Of course, religious, national, and cultural leaders present all sorts of ideological bases for responding to these fears. This is a classic example of how Marx sees material interests shaping ideology. But the material development of ideology can be traced further back to Parshat Balak. In order to respond to the perceived material threat, King Balak turned to Bilaam the prophet, a man of ideals, to challenge the Hebrews on the ideological plane.

Bilaam belongs to a small unique class of our historic antagonists – Amalek, Haman, Hitler (may their memories be erased) – who, while operating within the materialist paradigm, were aware that our mission is one of ideals – ideals that challenge the very foundations of their civilizations.

Bilaam understood that as long as Israel was operating in the war for ideals, the power to bless or curse would lie with HaShem alone. But even with this unique clarity, his blessings or curses couldn’t transcend the material – he saw Israel’s separateness as a rejection of other nations, their vast numbers as comparable to dirt, and even their spiritual strength as inherently otherworldly, bearing fruits after death and detached from this reality. His greatest blessing, that endures in our daily morning tefillot, is about the beauty of our tents.

Even when the nations recognize Israel as unique in history, that uniqueness is bound by the constraints of the material world. As long as that framework persists, the nations will always operate out of a fear that the Jew is only looking out for himself.

This is where the influences of ancient Egypt and Edom have retained their base of strength, millennia after their first political manifestations collapsed. On one side, the scientific revolution’s insistence on empiricism blinds the world to the ideological plane on which we operate. In a world where one plus one must always equal two, all national interests become a zero sum game due to the law of the conservation of matter. And when the only rule in global politics is the survival of the fittest, humanity is unable to recognize the Divine hand in history, and even Israel becomes blinded to our own mission. 

At the same time, the enlightenment’s insistence on the universal principles of “natural law” and “unalienable rights” for all have turned humanity against an appreciation for the material realities that distinguish HaShem’s creations in this world; the Jew – who insists on his separateness, his chosenness, his prophetic law that was not given to all human beings – must be universalized. Not for the sake of the universal ideal, but because Israel’s separateness represents a material threat to the rest of humanity in its quest for unification.

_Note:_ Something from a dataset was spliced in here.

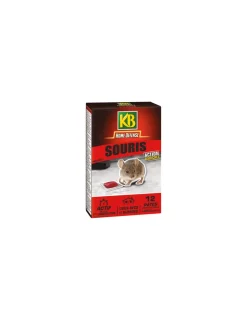 IMEDIO - Home defense souris pâte 12x10g /nc - kb home defense
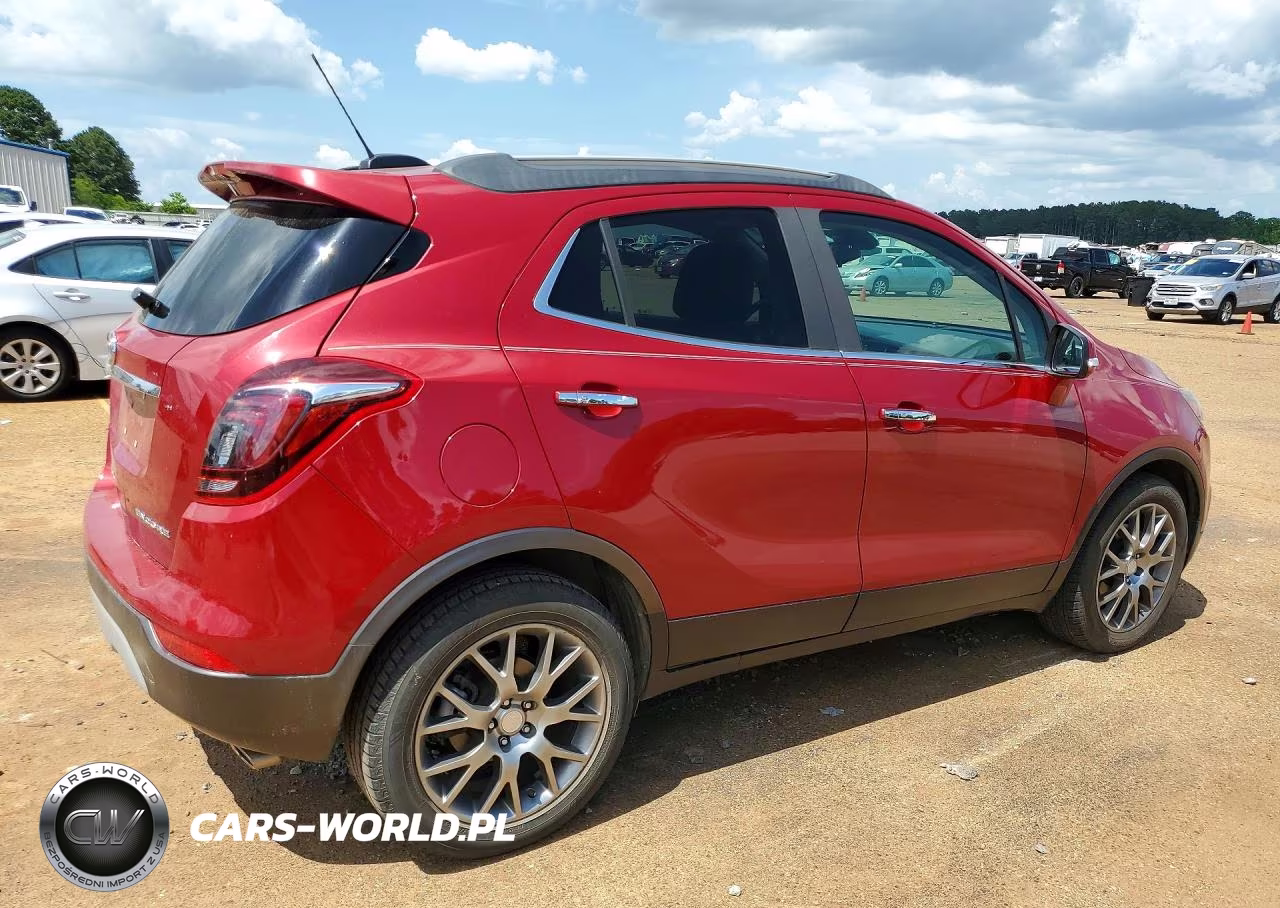 2018 Buick Encore Sport Touring VIN:KL4CJ1SB2JB522272 - 3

So what are we to do? Are we doomed to fight an endless uphill battle with an opponent who will never truly understand the enemy he is fighting? 

The answer lies in Rav Kook’s approach to history. Israel must fully live the Divine Ideal, the fullness of Torah in all its complexities, in this material world. We need a Jewish state, but not to compete in international politics. We need a Jewish economy, but not to compete in international markets. We need a Jewish culture, but not to compete on the international radio waves. We need a national revival, not for our own narrow material interests, but to illuminate the rest of humanity and all of Creation with Divine light. 

Universalism manifested through nature, materialism in the service of a Divine Ideal. Only once we recognize that this is our destiny and our mission will we truly free ourselves of the yoke of exile and of the Edomite fourth empire, and finally be able to move forward towards the next stage in our liberation struggle.